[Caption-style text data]

--- --- ---

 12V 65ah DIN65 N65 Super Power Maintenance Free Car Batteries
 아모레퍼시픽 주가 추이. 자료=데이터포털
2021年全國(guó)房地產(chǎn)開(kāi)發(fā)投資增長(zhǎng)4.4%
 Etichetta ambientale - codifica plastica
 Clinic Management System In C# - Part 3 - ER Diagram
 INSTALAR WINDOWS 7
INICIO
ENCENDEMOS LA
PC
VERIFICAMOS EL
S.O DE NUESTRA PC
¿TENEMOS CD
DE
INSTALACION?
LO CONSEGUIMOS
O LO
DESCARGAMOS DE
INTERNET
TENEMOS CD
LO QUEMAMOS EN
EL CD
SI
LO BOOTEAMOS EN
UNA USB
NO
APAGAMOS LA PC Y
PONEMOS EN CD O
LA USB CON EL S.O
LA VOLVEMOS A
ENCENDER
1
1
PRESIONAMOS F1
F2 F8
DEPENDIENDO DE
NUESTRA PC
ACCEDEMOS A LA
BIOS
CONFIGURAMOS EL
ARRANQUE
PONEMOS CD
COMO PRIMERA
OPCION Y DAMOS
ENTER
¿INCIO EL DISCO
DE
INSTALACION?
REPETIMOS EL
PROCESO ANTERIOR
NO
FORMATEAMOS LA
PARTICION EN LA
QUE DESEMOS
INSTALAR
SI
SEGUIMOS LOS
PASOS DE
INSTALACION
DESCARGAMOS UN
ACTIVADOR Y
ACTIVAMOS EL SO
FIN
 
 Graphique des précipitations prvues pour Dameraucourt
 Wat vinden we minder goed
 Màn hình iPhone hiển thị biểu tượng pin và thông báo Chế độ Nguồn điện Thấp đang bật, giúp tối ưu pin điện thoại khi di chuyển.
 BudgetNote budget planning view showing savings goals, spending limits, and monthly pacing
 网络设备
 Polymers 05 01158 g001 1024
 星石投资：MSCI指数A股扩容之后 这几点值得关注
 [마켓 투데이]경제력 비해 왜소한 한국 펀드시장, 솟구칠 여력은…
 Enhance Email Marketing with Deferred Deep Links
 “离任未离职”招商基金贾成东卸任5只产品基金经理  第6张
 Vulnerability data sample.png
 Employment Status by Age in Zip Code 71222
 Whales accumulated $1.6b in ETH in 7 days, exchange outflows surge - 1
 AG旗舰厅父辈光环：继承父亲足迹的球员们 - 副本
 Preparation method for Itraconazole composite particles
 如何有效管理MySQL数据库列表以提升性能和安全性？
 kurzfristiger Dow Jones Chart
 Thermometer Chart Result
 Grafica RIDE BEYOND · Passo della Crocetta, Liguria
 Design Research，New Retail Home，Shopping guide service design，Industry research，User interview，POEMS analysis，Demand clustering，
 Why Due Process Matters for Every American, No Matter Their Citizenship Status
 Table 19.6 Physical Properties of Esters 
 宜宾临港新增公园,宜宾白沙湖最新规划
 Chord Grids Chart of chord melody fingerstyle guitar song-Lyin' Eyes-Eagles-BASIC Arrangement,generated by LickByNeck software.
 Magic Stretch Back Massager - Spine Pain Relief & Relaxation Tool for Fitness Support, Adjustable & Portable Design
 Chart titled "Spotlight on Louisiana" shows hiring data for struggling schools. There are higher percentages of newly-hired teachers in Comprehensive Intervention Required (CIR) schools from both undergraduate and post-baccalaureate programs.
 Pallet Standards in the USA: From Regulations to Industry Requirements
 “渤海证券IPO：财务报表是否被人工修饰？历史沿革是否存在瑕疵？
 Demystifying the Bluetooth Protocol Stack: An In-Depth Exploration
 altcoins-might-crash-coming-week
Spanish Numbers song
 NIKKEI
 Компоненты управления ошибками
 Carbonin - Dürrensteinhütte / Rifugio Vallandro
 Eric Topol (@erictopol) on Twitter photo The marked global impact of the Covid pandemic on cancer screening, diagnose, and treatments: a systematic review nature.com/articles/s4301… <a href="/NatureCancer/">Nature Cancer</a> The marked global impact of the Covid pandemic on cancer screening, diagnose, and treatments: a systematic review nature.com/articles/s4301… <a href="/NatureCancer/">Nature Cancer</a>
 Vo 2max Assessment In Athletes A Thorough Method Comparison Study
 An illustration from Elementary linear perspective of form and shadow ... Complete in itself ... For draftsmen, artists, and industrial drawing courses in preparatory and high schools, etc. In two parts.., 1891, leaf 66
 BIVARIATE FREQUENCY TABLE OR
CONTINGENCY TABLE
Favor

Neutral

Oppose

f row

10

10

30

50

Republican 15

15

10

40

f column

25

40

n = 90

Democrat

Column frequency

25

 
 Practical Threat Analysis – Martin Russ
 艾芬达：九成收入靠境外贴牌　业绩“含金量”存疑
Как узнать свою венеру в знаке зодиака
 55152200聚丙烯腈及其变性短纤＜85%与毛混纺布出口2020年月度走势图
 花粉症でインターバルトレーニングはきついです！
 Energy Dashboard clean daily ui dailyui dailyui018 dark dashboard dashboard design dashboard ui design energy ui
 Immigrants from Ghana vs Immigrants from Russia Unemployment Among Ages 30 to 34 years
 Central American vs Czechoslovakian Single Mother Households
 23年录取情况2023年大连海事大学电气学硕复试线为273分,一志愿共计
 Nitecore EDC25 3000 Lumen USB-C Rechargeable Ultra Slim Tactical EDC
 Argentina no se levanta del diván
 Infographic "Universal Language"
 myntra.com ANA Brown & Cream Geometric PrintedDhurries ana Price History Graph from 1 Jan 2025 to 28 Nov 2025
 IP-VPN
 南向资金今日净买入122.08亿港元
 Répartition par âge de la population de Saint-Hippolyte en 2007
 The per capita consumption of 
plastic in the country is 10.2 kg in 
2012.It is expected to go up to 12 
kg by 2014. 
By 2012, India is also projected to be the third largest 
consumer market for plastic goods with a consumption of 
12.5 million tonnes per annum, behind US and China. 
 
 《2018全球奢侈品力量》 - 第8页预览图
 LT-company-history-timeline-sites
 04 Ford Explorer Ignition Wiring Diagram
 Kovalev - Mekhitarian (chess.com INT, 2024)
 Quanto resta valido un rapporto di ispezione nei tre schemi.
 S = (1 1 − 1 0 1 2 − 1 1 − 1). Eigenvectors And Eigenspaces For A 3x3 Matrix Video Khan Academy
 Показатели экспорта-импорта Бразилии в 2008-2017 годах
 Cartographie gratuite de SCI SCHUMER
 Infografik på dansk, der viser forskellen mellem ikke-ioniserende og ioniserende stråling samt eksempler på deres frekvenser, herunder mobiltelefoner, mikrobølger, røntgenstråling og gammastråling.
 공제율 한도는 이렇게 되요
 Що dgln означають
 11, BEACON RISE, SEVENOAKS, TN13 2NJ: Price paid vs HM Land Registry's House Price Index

--- --- ---

● **ASSIGNMENT**
The line above containing "VERIFICAMOS EL", the line containing "Design Research，New Retail", and every line between them are to be transcribed exactly; no other line is wanted.

● **SOLUTION BELOW**
VERIFICAMOS EL
S.O DE NUESTRA PC
¿TENEMOS CD
DE
INSTALACION?
LO CONSEGUIMOS
O LO
DESCARGAMOS DE
INTERNET
TENEMOS CD
LO QUEMAMOS EN
EL CD
SI
LO BOOTEAMOS EN
UNA USB
NO
APAGAMOS LA PC Y
PONEMOS EN CD O
LA USB CON EL S.O
LA VOLVEMOS A
ENCENDER
1
1
PRESIONAMOS F1
F2 F8
DEPENDIENDO DE
NUESTRA PC
ACCEDEMOS A LA
BIOS
CONFIGURAMOS EL
ARRANQUE
PONEMOS CD
COMO PRIMERA
OPCION Y DAMOS
ENTER
¿INCIO EL DISCO
DE
INSTALACION?
REPETIMOS EL
PROCESO ANTERIOR
NO
FORMATEAMOS LA
PARTICION EN LA
QUE DESEMOS
INSTALAR
SI
SEGUIMOS LOS
PASOS DE
INSTALACION
DESCARGAMOS UN
ACTIVADOR Y
ACTIVAMOS EL SO
FIN
 
 Graphique des précipitations prvues pour Dameraucourt
 Wat vinden we minder goed
 Màn hình iPhone hiển thị biểu tượng pin và thông báo Chế độ Nguồn điện Thấp đang bật, giúp tối ưu pin điện thoại khi di chuyển.
 BudgetNote budget planning view showing savings goals, spending limits, and monthly pacing
 网络设备
 Polymers 05 01158 g001 1024
 星石投资：MSCI指数A股扩容之后 这几点值得关注
 [마켓 투데이]경제력 비해 왜소한 한국 펀드시장, 솟구칠 여력은…
 Enhance Email Marketing with Deferred Deep Links
 “离任未离职”招商基金贾成东卸任5只产品基金经理  第6张
 Vulnerability data sample.png
 Employment Status by Age in Zip Code 71222
 Whales accumulated $1.6b in ETH in 7 days, exchange outflows surge - 1
 AG旗舰厅父辈光环：继承父亲足迹的球员们 - 副本
 Preparation method for Itraconazole composite particles
 如何有效管理MySQL数据库列表以提升性能和安全性？
 kurzfristiger Dow Jones Chart
 Thermometer Chart Result
 Grafica RIDE BEYOND · Passo della Crocetta, Liguria
 Design Research，New Retail Home，Shopping guide service design，Industry research，User interview，POEMS analysis，Demand clustering，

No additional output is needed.